The eighth graders split into teams and worked with one of four nonprofit organizations in the area: the Williams Jeanes Library, Colonial Neighborhood Council, Friends of the Wissahickon and Mitzvah Circle. The groups of approximately 20 students were created based the eighth graders' preferences.
"You were able to pick from four options that were very different from each other but still had the same purpose of helping out your community," said student Alena Epright. "So you could do something you were going to enjoy and get the most out of it."
William Jeanes Library
At the Williams Jeanes Library on Joshua Road in Lafayette Hill, students, led by Mrs. McCracken, wiped down shelves, cleaned and sorted toys in the children's area, and found out about the programs the library offers the community.
"I learned a lot more about libraries today," said eighth grader Matt Licwinko. "I went into it thinking that a library was just books, but there are computers in almost every room with Internet access for people who don't have it at home and just a lot of things to do. It makes me feel good that we were able to help them."
Colonial Neighborhood Council (CNC)
The Colonial School District and the CNC have had a longstanding relationship where the schools each take a month to collect canned goods for the organization, which is located on Fourth Avenue in Conshohocken. For the Community Service Day project, eighth graders, led by Math Teacher John Gebhardt, sorted food in the pantry, organized the teen room and helped in the thrift shop.

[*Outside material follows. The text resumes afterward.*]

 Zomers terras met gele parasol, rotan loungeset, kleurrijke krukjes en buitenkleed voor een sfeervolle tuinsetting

Friends of the Wissahickon
The team of students working with the Friends of the Wissahickon, along with Science Teacher Kelly Wistreich, hiked to Devil's Pool in Fairmount Park, cleaned out the trash cans, picked up litter and carried out nearly 120 pounds of trash.

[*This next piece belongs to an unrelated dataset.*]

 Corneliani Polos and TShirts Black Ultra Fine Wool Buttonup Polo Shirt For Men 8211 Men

"I chose to help with the Friends of the Wissahickon, because I like outdoors and nature, and it really hurts me when I see that animals are getting killed because of pollution and our fresh drinking water is getting polluted," said student Angela Bussell. "It was a long hike, but I think it was worth it because there was a lot of trash, and it needed to be cleaned."
Mitzvah Circle Foundation
At Mitzvah Circle in Harleysville, students, led by English Language Arts Teacher Cynthia Cox and Assistant Principal Phil Chang, searched for specific clothing sizes to make packets of outfits for people in need.
"Personally, when I was at the Mitzvah Circle working with our students to 'shop' for a family, I had so many different emotions running through me," said CMS Assistant Principal Phil Chang. "Mostly, I was thinking about how fortunate I was for all I had, how wasteful I was and how I should be doing more to help others. I heard our students having similar conversations, which makes me feel that this experience was really powerful for our kids."
With the team model at the middle school, roughly 90 students share the same four core content (Math, English Language Arts, Science and Social Studies) teachers, which made the Community Service Day project easier to plan, coordinate and schedule. Seventh and sixth grade pilots are also planned for this year to refine the program, with the hopes that it can be further expanded in the future.